In general, it is harder to find analytic forms for the asymptotic variance of SNIS in concrete examples, due to the absolute value sign in the optimal importance distribution. Moreover, the presence of this expression often means that $q_*$ will have zero density at some location in the bulk of its support, which typically leads to some sampling difficulties. It is thus somewhat more common to devise importance distributions which resemble the optimal choice for standard importance sampling, despite the potential loss in efficiency.
## Conclusion
While standard importance sampling is a powerful tool, it does not directly apply to situations in which the normalising constant of the measure of interest is unknown. The technique of self-normalisation is a systematic way of handling this deficiency, and broadens the scope of problems to which IS can be applied. There are some important differences between IS and SNIS (such as the different conditions for optimality), but conceptually there is a common through line: sample more densely in regions of the space which contribute most to the integral of interest.

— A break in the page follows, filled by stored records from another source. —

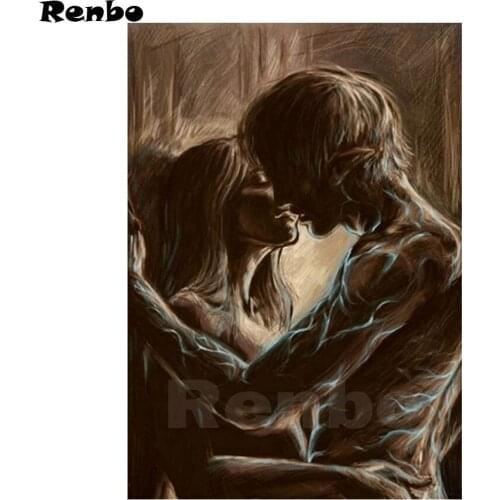 DIY Diamond Painting Couples Kissing Diamond Embroidery Mosaic Pattern Cross Stitch Unfinished Decoration Art And Crafts A871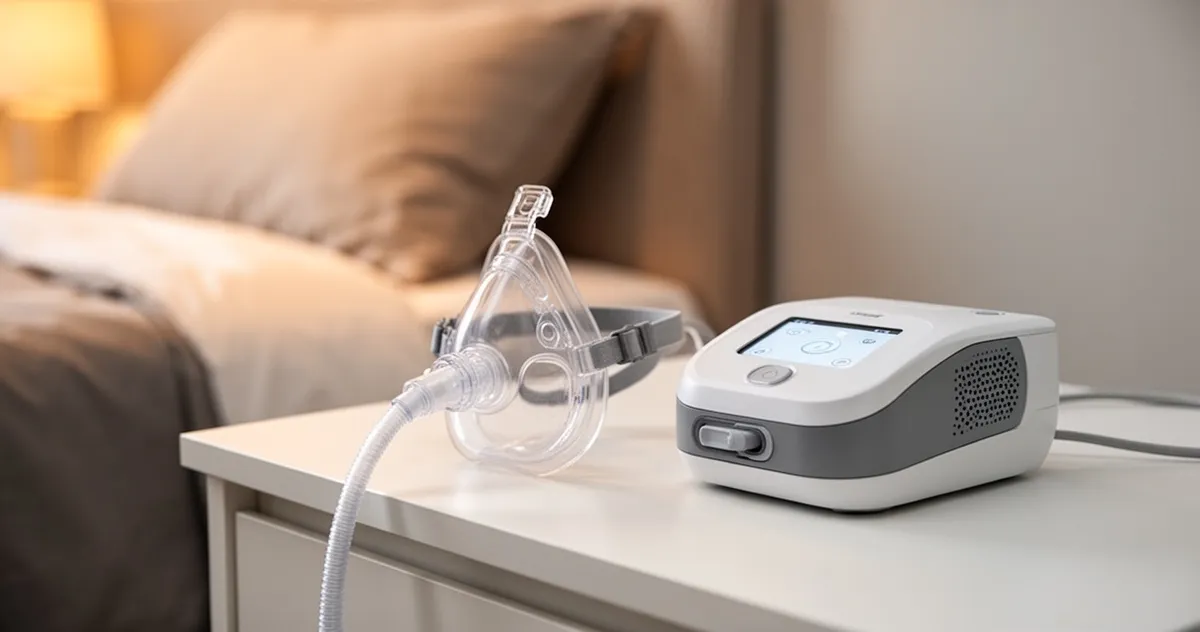 Nowoczesna maska i urządzenie CPAP na szafce nocnej z ciepłym oświetleniem, rozmytym tłem sypialni, kliniczny i wygodny desig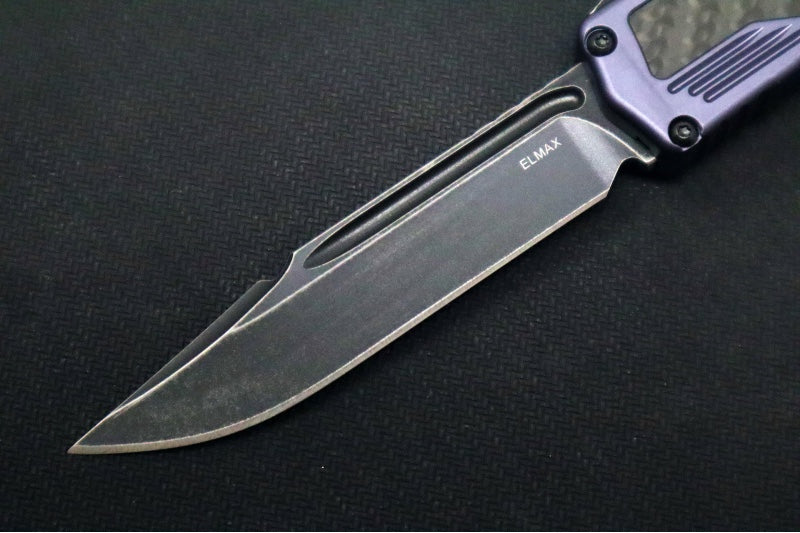 Guardian Tactical Scout OTF - Gray Anodized Aluminum & Black Carbon Fiber Handle / Dark Stonewashed Clip Point Blade 142611 - Northwest Knives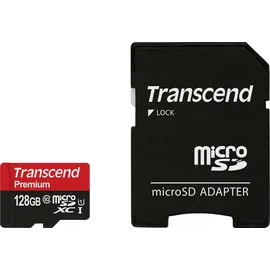 Transcend microSDXC 128GB Class 10 UHS-I + SD-Adapter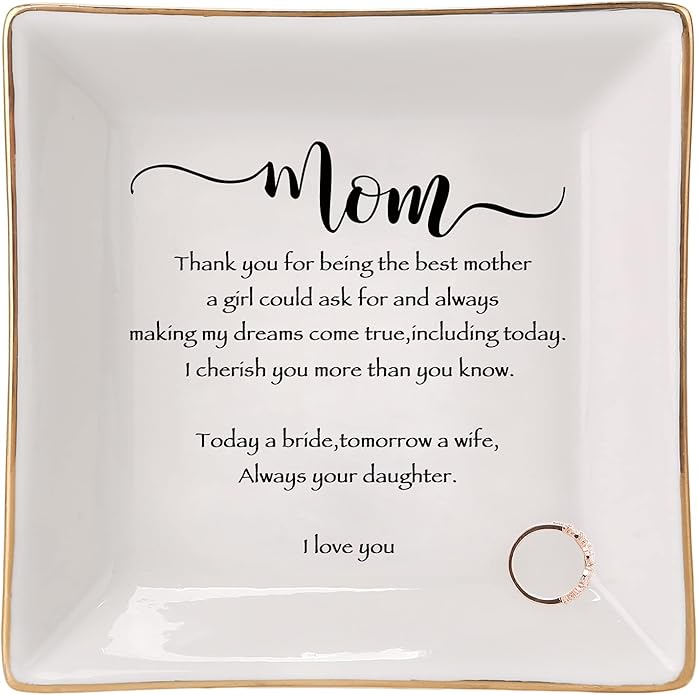 HOME SMILE Ceramic Ring Dish Jewelry Tray for Mom Sister Friends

Having built up these tools in the basic Monte Carlo setting, one can begin to develop these ideas towards applications in more challenging, high-dimensional problems. One can construct IS estimators in high dimension by utilising on extended state-space constructions (as in e.g. Sequential Monte Carlo (Samplers), Annealed Importance Sampling), replacing exact sampling by approximate sampling (e.g. using Markov chain methods to sample from $q$), and other related strategies. We will dip into such approaches in subsequent posts.